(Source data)
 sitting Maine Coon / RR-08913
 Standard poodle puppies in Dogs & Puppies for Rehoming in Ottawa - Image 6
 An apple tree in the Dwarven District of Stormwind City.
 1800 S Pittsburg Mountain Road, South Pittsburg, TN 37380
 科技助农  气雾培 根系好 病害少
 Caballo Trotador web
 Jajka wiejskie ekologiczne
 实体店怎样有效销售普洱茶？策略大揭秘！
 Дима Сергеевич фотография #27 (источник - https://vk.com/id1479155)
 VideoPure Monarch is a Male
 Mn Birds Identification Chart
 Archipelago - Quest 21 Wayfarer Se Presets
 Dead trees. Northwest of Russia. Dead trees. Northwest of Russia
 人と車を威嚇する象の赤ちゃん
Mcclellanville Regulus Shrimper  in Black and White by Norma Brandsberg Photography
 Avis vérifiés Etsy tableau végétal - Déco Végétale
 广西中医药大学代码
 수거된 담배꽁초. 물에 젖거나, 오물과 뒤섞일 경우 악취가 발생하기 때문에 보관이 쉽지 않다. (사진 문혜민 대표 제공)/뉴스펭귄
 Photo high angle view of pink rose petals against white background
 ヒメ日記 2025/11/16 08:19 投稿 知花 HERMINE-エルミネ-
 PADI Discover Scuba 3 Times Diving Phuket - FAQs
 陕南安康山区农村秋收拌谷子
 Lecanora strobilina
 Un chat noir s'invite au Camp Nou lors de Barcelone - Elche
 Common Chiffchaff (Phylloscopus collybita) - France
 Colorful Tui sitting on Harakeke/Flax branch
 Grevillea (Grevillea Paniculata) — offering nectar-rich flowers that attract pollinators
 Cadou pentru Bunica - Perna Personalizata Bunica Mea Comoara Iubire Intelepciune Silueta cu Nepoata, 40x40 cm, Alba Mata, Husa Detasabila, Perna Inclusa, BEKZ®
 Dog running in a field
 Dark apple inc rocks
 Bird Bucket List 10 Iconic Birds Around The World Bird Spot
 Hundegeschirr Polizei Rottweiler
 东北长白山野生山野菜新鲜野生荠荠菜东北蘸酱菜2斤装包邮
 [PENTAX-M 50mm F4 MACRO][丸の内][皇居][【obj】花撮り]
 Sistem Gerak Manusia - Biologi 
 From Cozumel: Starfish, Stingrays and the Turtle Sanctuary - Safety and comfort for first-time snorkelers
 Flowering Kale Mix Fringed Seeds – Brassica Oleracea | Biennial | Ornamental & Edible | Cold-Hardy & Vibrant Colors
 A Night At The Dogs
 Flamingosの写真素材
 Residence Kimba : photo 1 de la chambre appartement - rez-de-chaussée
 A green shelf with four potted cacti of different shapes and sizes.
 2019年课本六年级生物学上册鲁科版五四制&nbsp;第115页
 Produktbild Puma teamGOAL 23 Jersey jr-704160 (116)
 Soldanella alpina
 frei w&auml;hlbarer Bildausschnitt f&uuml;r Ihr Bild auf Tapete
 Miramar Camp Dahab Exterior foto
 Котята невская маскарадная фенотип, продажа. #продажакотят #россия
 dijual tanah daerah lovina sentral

* WORK ITEM *
Among the records above, find each line holding the string "Camp" and pull it out.

* TASK RESULT *
 Un chat noir s'invite au Camp Nou lors de Barcelone - Elche
 Miramar Camp Dahab Exterior foto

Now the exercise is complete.